Since late last year, when the Consolidated Utility District of Rutherford County in Murfreesboro, Tenn., installed a radio frequency (RF) system on nearly 42,000 meters, Assistant General Manager William Dunnill, PE, has watched productivity and safety increase dramatically. The $6 million project used cash reserves that were repaid from a $20 million bond issue.
The meter-mounted RF signaling devices emit radio signals every few seconds to an RF receiver antenna connected to dedicated laptop computers via a serial port. The computers' GIS software shows all of the meters to be read on a given route. Employees return to the office and download the data from the laptops into the utility's billing system.
Previously, the utility sent out eight individuals per reading cycle, and each one required about six hours to complete a route. “A lot of our routes are rural with a lot of heavily traveled roads, but they're relatively narrow,” Dunnill says. “There wasn't a good spot to pull off and read a meter. And we had guys climbing fences and going through brush and wood to get to the meters.”
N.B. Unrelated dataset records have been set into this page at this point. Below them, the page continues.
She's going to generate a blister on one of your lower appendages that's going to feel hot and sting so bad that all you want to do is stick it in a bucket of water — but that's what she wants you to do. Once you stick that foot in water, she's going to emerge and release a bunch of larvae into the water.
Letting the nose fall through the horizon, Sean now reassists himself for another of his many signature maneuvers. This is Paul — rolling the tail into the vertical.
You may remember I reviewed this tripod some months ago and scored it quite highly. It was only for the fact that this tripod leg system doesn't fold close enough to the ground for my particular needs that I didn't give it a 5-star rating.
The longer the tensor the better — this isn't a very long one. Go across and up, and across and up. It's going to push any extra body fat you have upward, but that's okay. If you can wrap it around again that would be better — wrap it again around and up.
Now one employee reads all the meters in about four hours with few, if any, errors. “Our rereads have gone to virtually none,” says Dunnill. The conversion could free up about seven employees for other work, saving $390,000 — or almost 90% — annually.
Because the system records radio signals every few seconds and stores the data for two years, billing disputes are quickly settled. “When a customer says there's no way he used that much water, we pull his history and show his consumption every hour,” Dunnill says. “Customer service personnel discuss consumption intelligently instead of just saying, ‘Well, that's what our meter said; you've just got to accept it.'”
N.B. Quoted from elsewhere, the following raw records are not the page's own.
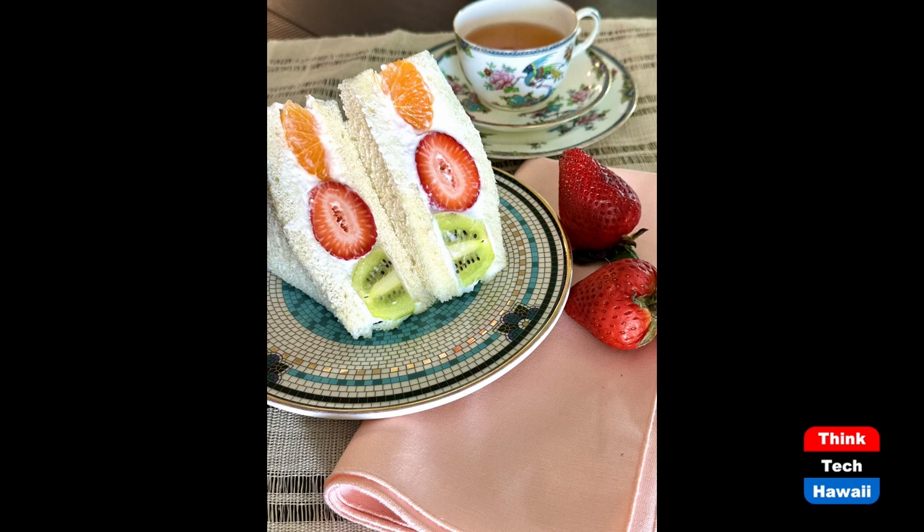You're absolutely right — Japanese go crazy for strawberries, and for good reason. In my humble opinion, they have the best strawberries on the planet and beyond. If you've never tried a Japanese strawberry, buy an airplane ticket, get on the plane, and go there just for the strawberries.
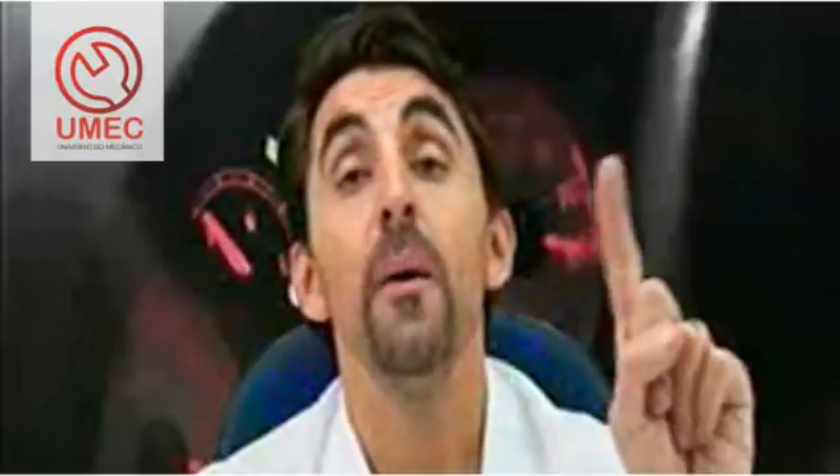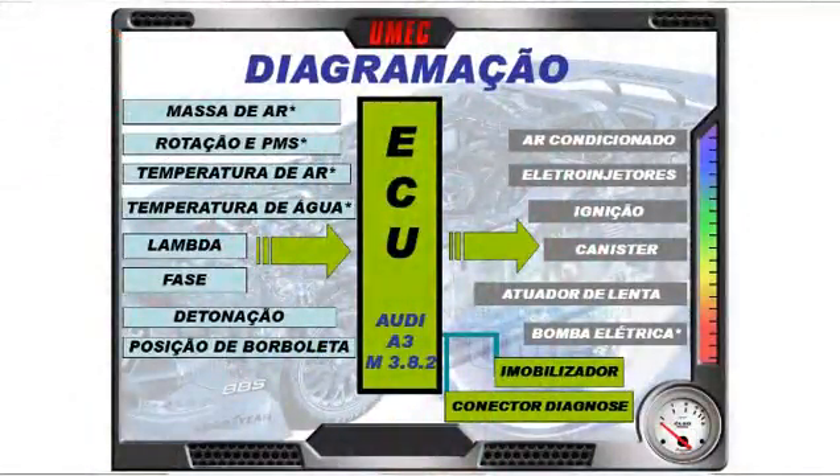O mesmo sensor de temperatura manda informação para o painel. Embora internamente sejam separados, esse sensor manda o sinal para a ECU adequar a mistura conforme a temperatura do líquido de arrefecimento, e também manda para o painel para indicar a temperatura nos instrumentos. Vamos à nossa diagramação inicial, com asterisco nos itens já abordados e os que abordaremos hoje — os sinais de entrada para a ECU.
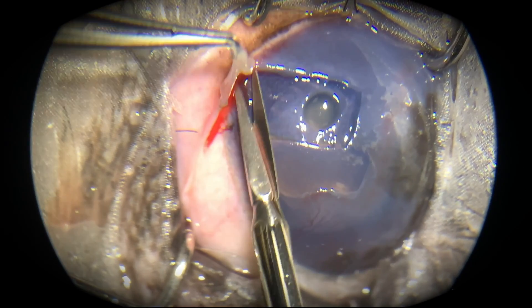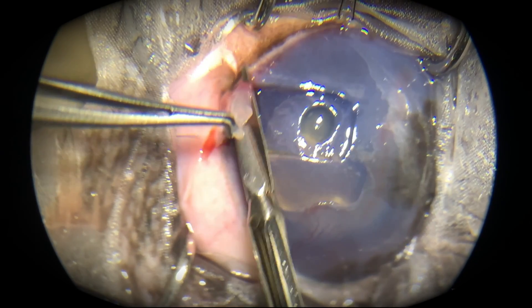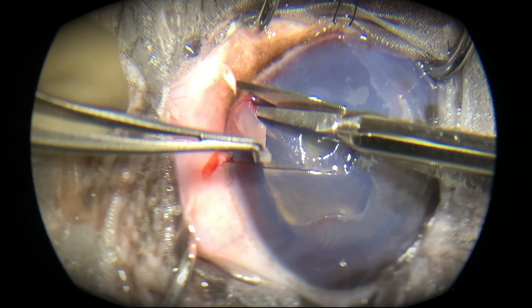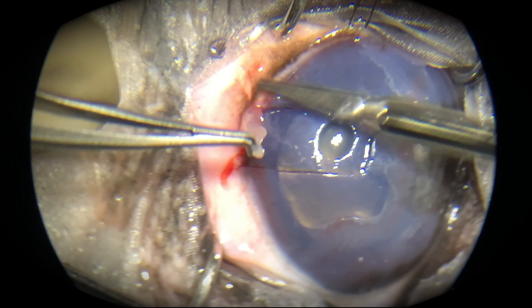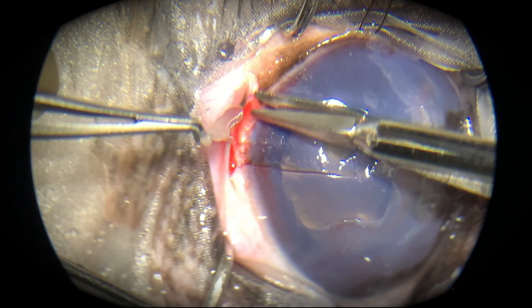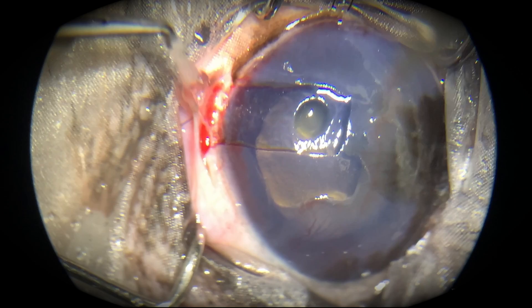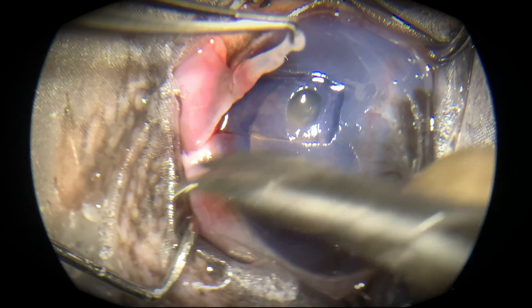Now we are separating the conjunctival portion of the graft. What's being cut right now is the limbus — the junction between the cornea and sclera. This thick, beautiful junction normally does not allow blood vessels in unless there is an injury. Due to the injury, the limbus was allowing blood vessels onto the corneal surface. The limbus has now been separated.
In Zachary, La., contracting out water and gas meter-reading for a 20-square-mile service area was costing more than $100,000 annually. Bills were being estimated, some meters hadn't been read for years, and city employees had to make rereads when more than one customer was tied into a meter.
Using $1.2 million from a bond provided by the state's Local Government Environmental Facilities and Community Development Authority, the city has retrofitted more than 12,000 commercial/industrial and residential meters since 2003. Master Meter Inc. RF signaling devices transmit signals to a data collector wirelessly using the provider's 3G technology.
In tests, one employee read 1,200 meters in two and a half hours by driving by — instead of walking up to — each one. The reader also uses Greentree Software Service's MasterLink software suite for route navigation.
“We've cut our reading times in half, along with about $75,000 a year by not having to use a reading service,” says Public Utility Director Chris Davezak. The system also detects leaks and potential meter tampering.
WHEN YOU JUST CAN'T GET THERE
Physically vast or hard-to-reach service areas like the Florida Keys Aqueduct Authority's lend themselves to fixed-network systems that have the additional benefit of facilitating systemwide monitoring.
“We have one island where the walk-around reader had to wait from one to three hours for a ferry to read 95 meters,” says Information Technology Director Carl Brewster.
The authority has been overhauling its equipment since 2006 in a $10 million project scheduled to be finished by 2011 based on graduated rate increases. More than 45,000 customers are getting all-new meters with registers that can be read using mobile, handheld, and fixed-network data collectors.
Neptune Technology Group Inc.'s automatic reading and billing system uses Hexagram Inc.'s STAR technology to detect leaks, reverse flow, and tampering. “We've been notifying our customers of leaks as we install those meters, and that's been a great benefit for us from a public relations as well as a conservation standpoint,” says Brewster. “That data will be made available to customers via our Web site so they'll be able to monitor their consumption.”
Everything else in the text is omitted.